Toujours à Montauban, main dans la main de mes camarades, Abel Chennouf et Mohamed Legouad, fauchés par l’assassin terroriste Merah, expirant leur dernier souffle de vie. Elle était encore là, compagne fidèle, surgie de la folie maligne d’un esprit dérangé par une religion mal digérée, sournoise actrice sur ce sol français… J’étais déjà mort : alors je croyais encore, dans mon inconscience, pouvoir la dominer ! Étrange erreur de jugement. Depuis, elle continue, avec persévérance, son œuvre de destruction interne. Seule la grâce d’une foi héritée de mes ancêtres, de nombreuses et affectueuses amitiés, le sens aigu du devoir à accomplir, une modeste notoriété médiatique me permettant de témoigner du sacrifice de mes camarades de combat m’auront empêché de sombrer.

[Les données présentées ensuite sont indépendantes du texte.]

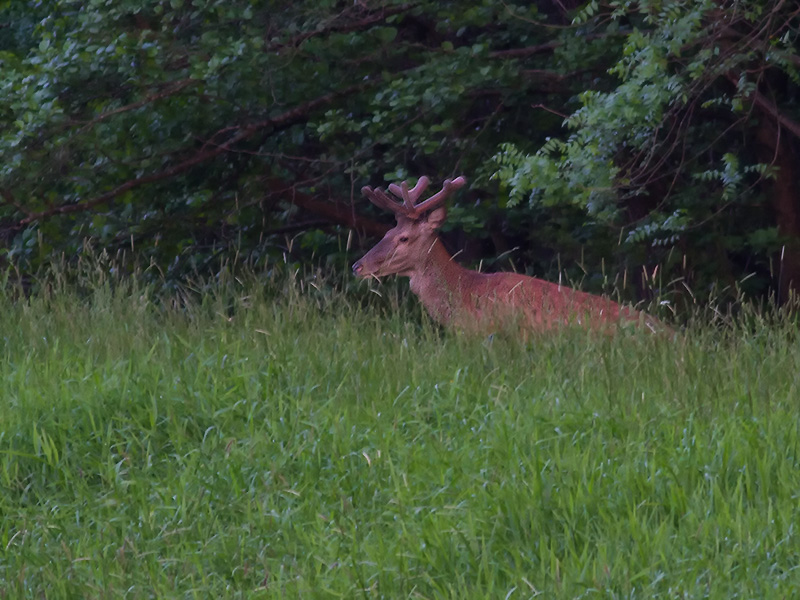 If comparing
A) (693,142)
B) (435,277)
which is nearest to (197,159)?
(435,277)

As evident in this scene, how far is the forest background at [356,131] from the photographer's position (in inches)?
370

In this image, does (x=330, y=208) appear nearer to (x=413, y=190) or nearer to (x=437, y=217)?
(x=413, y=190)

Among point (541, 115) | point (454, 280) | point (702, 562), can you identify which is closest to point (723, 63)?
point (454, 280)

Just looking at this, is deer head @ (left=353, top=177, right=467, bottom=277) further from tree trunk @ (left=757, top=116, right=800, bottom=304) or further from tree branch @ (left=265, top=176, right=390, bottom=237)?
tree trunk @ (left=757, top=116, right=800, bottom=304)

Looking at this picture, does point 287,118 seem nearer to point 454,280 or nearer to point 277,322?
point 454,280

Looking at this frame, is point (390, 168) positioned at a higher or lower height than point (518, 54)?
lower

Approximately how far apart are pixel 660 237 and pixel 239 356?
19.8ft

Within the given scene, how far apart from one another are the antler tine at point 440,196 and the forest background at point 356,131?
433 millimetres

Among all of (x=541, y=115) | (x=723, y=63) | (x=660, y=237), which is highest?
(x=723, y=63)

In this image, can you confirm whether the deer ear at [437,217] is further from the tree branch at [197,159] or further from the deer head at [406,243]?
the tree branch at [197,159]

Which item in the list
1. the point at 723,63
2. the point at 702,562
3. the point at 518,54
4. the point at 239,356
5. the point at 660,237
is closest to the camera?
the point at 702,562

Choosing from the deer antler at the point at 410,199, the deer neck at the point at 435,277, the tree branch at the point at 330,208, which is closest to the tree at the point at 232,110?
the tree branch at the point at 330,208

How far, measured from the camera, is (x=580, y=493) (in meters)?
4.17

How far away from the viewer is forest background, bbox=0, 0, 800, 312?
30.8 ft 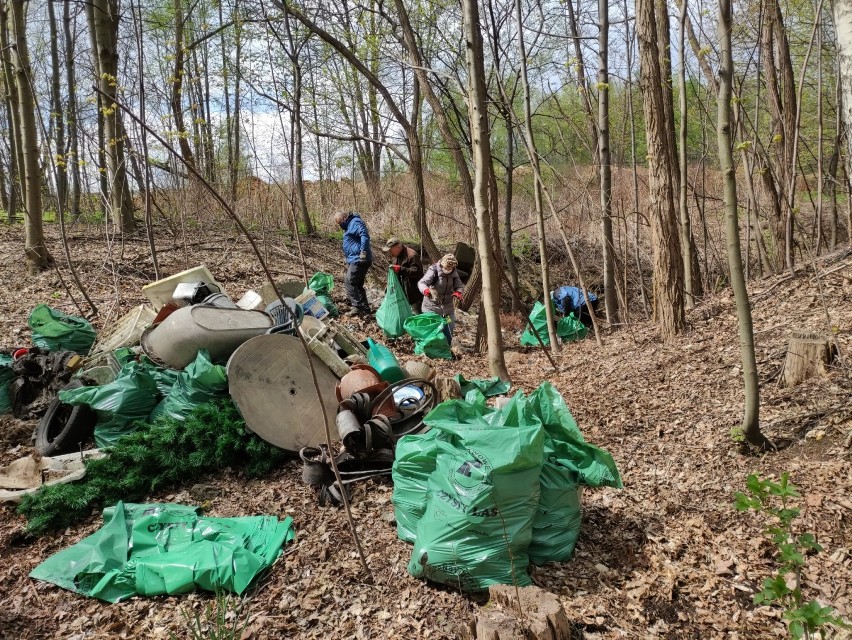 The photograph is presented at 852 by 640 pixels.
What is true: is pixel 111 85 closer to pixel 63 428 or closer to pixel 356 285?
pixel 356 285

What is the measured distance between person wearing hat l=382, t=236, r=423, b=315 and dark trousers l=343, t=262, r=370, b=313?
1.34ft

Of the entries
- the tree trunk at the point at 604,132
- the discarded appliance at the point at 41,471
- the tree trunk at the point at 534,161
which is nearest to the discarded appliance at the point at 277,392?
the discarded appliance at the point at 41,471

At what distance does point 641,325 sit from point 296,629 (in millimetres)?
6082

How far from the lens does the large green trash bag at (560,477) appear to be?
9.78ft

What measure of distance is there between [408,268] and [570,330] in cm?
239

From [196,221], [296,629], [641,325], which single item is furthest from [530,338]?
[196,221]

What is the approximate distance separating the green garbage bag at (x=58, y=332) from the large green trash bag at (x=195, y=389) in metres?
1.94

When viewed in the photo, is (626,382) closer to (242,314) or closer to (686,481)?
(686,481)

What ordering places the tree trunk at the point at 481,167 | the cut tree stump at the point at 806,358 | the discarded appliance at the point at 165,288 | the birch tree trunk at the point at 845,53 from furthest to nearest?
the discarded appliance at the point at 165,288 < the tree trunk at the point at 481,167 < the cut tree stump at the point at 806,358 < the birch tree trunk at the point at 845,53

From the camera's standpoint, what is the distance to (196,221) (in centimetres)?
1181

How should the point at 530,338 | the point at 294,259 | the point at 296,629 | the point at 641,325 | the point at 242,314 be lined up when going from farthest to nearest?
the point at 294,259
the point at 530,338
the point at 641,325
the point at 242,314
the point at 296,629

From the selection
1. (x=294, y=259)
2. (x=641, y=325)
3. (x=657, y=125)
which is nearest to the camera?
(x=657, y=125)

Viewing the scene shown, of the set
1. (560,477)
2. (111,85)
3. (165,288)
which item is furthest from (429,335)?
(111,85)

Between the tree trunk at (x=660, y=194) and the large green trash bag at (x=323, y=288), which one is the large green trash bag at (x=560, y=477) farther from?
the large green trash bag at (x=323, y=288) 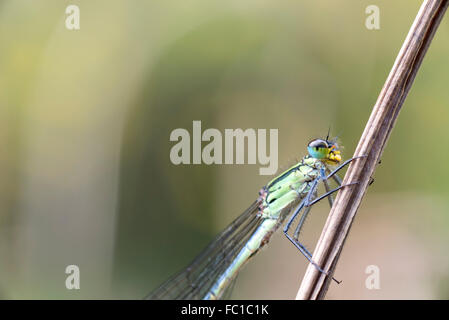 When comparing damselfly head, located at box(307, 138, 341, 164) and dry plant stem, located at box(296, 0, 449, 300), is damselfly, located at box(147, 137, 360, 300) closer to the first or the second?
damselfly head, located at box(307, 138, 341, 164)

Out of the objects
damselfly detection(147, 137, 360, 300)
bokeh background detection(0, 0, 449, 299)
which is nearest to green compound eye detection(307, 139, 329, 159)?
damselfly detection(147, 137, 360, 300)

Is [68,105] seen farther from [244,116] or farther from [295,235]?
[295,235]

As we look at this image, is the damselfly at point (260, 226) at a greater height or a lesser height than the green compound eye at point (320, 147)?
lesser

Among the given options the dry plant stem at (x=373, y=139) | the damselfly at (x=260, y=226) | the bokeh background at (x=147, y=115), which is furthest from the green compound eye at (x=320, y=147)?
the bokeh background at (x=147, y=115)

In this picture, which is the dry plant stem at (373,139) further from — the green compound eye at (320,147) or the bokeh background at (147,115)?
the bokeh background at (147,115)

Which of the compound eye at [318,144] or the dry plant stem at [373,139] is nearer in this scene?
the dry plant stem at [373,139] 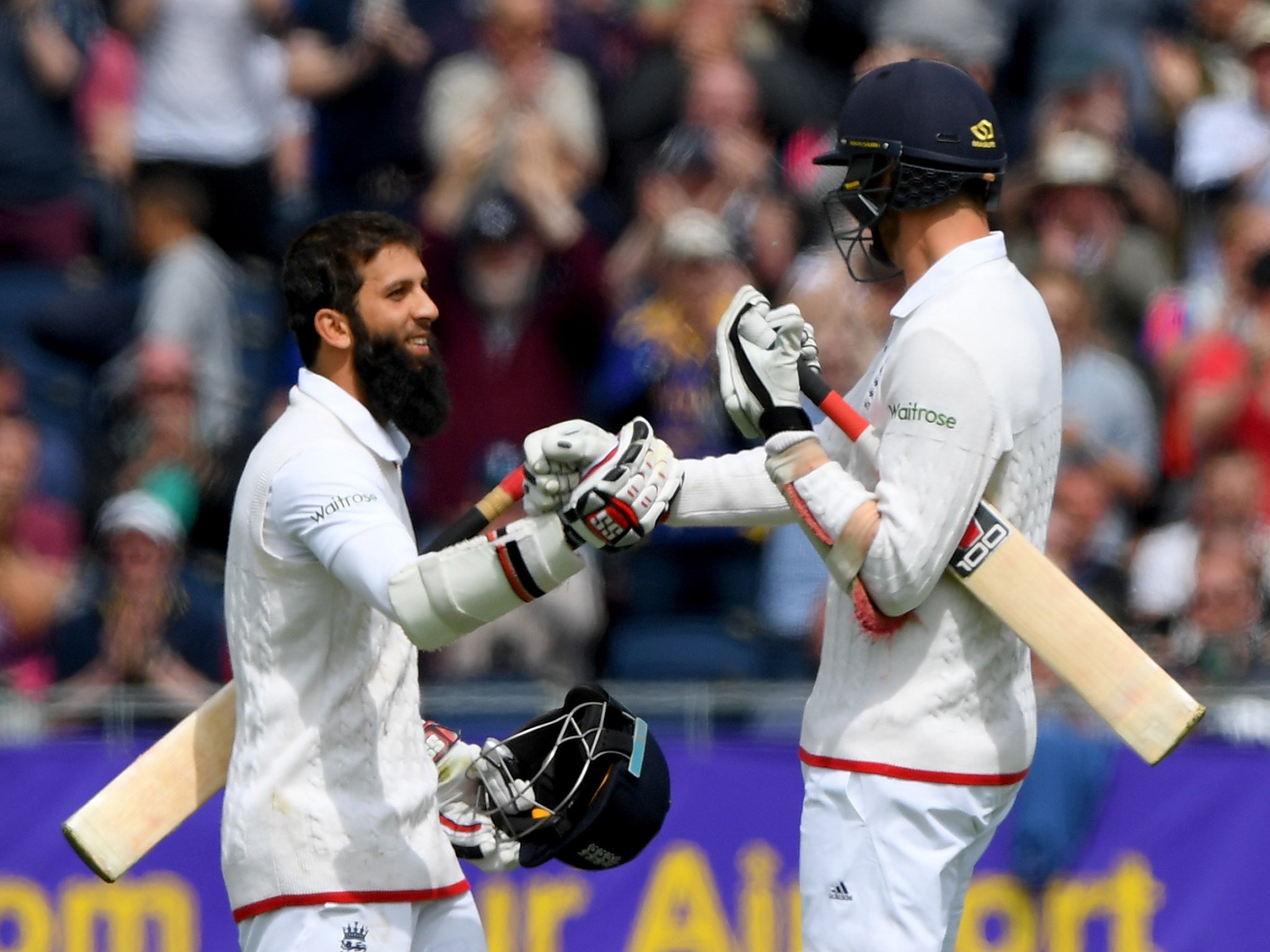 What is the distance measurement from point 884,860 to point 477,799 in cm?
100

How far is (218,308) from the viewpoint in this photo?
27.3ft

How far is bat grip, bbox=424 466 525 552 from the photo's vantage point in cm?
437

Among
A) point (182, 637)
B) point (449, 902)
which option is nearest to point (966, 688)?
point (449, 902)

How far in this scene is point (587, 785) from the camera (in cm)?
452

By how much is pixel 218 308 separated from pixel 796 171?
2309mm

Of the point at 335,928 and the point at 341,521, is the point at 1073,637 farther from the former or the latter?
the point at 335,928

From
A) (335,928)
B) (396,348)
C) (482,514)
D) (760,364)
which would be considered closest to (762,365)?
(760,364)

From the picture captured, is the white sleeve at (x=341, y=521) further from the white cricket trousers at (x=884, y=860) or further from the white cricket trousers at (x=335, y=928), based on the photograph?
the white cricket trousers at (x=884, y=860)

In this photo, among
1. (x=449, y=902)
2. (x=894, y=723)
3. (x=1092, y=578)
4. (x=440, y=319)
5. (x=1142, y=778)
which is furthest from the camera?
(x=440, y=319)

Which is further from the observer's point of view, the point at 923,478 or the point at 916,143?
the point at 916,143

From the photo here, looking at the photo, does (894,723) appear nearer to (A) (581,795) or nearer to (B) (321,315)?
(A) (581,795)

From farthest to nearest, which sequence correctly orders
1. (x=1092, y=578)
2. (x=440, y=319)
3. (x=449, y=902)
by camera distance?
(x=440, y=319) → (x=1092, y=578) → (x=449, y=902)

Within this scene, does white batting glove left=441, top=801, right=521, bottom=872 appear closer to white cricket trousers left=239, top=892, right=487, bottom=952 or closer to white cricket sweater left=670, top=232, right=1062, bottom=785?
white cricket trousers left=239, top=892, right=487, bottom=952

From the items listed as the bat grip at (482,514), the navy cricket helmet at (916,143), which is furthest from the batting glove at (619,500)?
the navy cricket helmet at (916,143) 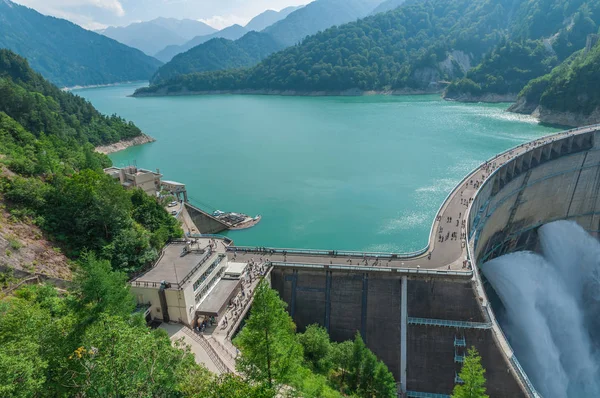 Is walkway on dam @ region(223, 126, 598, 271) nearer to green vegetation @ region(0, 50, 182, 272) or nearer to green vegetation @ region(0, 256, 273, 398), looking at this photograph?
green vegetation @ region(0, 50, 182, 272)

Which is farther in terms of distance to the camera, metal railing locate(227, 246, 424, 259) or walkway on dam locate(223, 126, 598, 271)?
metal railing locate(227, 246, 424, 259)

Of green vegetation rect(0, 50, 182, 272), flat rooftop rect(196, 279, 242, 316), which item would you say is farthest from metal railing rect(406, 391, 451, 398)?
green vegetation rect(0, 50, 182, 272)

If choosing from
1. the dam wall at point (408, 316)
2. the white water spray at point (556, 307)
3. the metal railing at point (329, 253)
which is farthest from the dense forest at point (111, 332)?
the white water spray at point (556, 307)

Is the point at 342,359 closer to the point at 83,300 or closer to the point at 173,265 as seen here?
the point at 173,265

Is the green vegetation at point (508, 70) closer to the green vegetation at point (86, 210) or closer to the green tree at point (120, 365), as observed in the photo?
the green vegetation at point (86, 210)

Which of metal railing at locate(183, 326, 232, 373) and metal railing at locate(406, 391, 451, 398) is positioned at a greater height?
metal railing at locate(183, 326, 232, 373)

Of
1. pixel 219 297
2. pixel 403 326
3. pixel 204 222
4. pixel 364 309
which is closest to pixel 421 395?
pixel 403 326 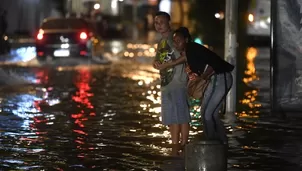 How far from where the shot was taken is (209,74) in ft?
32.2

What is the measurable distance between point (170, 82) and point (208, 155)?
6.49 ft

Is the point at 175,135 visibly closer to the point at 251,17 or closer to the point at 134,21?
the point at 251,17

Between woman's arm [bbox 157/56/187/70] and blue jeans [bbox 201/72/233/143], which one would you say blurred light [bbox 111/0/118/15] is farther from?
blue jeans [bbox 201/72/233/143]

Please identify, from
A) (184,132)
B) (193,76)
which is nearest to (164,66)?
(193,76)

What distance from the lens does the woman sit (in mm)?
9797

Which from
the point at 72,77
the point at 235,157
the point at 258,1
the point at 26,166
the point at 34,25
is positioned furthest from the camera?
the point at 34,25

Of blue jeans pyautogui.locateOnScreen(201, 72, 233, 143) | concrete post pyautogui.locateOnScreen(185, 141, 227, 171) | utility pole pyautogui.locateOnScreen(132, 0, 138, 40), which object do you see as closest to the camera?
concrete post pyautogui.locateOnScreen(185, 141, 227, 171)

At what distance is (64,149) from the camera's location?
35.6 feet

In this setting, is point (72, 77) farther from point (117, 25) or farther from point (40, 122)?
point (117, 25)

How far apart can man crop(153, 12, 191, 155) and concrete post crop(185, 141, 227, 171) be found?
1594mm

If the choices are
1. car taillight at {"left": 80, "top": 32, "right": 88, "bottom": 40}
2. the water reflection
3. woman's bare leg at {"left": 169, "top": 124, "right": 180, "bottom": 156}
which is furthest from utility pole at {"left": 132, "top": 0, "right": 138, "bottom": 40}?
woman's bare leg at {"left": 169, "top": 124, "right": 180, "bottom": 156}

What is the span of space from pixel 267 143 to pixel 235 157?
1.29 metres

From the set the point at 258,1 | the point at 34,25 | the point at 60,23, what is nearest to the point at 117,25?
the point at 34,25

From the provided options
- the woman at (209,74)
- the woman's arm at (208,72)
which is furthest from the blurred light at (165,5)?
the woman's arm at (208,72) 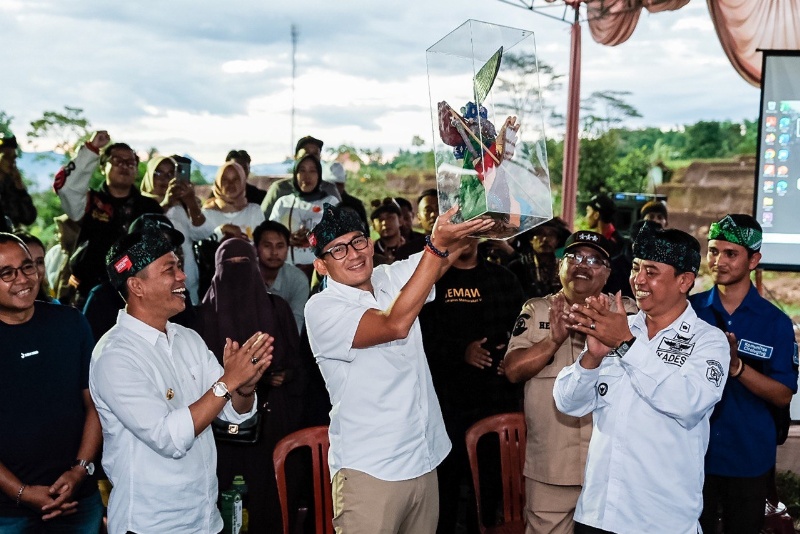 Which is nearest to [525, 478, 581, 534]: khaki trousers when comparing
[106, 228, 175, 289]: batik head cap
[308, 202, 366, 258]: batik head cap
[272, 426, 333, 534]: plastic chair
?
[272, 426, 333, 534]: plastic chair

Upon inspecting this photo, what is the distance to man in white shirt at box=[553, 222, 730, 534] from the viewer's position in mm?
2355

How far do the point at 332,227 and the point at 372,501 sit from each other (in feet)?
3.05

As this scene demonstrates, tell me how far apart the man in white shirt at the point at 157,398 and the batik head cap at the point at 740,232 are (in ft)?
6.52

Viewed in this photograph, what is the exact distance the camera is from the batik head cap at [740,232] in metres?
3.24

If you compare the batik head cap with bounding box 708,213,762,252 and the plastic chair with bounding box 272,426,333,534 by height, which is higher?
the batik head cap with bounding box 708,213,762,252

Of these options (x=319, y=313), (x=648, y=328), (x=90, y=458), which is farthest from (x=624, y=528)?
(x=90, y=458)

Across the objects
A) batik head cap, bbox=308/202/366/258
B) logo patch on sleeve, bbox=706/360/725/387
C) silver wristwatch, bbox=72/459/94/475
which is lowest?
silver wristwatch, bbox=72/459/94/475

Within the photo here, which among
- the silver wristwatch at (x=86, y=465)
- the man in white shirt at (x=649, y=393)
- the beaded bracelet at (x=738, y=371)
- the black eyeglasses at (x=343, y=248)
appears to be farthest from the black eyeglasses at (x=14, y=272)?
the beaded bracelet at (x=738, y=371)

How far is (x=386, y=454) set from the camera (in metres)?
2.60

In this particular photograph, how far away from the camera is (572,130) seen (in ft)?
25.7

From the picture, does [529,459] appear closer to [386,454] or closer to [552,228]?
[386,454]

Les pitoyables mesquineries que m’a imposées ces derniers mois la direction de l’aumônerie catholique des armées,auront in fine eu l’effet bénéfique de m’obliger à consulter – enfin – un psychiatre militaire. Depuis, les traitements, la mise en repos obligatoire, le recul forcé stabilisent « frère âne »… Reste l’âme tourmentée du désir de rejoindre ceux qui y sont passés. Combien résonnent-ils plus fort encore à mes oreilles, ces vers de la chanteuse Barbara :
« Ça ne prévient pas, ça arrive
Ça revient de loin
Ça c´est promené de rive en rive
La gueule en coin
Et puis un matin, au réveil
C´est presque rien
Mais c´est là, ça vous ensommeille
Au creux des reins
Le mal de vivre
Le mal de vivre
Qu´il faut bien vivre
Vaille que vivre… »
Vaille que vaille, vivre à en mourir. Life is difficult, écrivait Scott Peck dans son best-seller, Le chemin le moins fréquenté. Chaque jour se remettre à la rude tâche de devoir vivre, avec comme seul horizon celui de la Foi : Il finira bien par venir me chercher, afin de me donner sa Paix. Requiescat in Pace ! Ô viens Seigneur Jésus !
Écrit en mémoire de tous ceux que j’ai accompagnés dans la mort et pour témoigner que la mort psychique des combattants n’est pas une blessure invisible ! Mais surtout, en cette terrible période de pandémie due au Covid-19, en hommage à ceux qui combattent la mort et la fréquentent au quotidien, personnels hospitaliers, médecins, soignants, forces de l’ordre et travailleurs de l’ombre, au service de leurs frères et de la Patrie.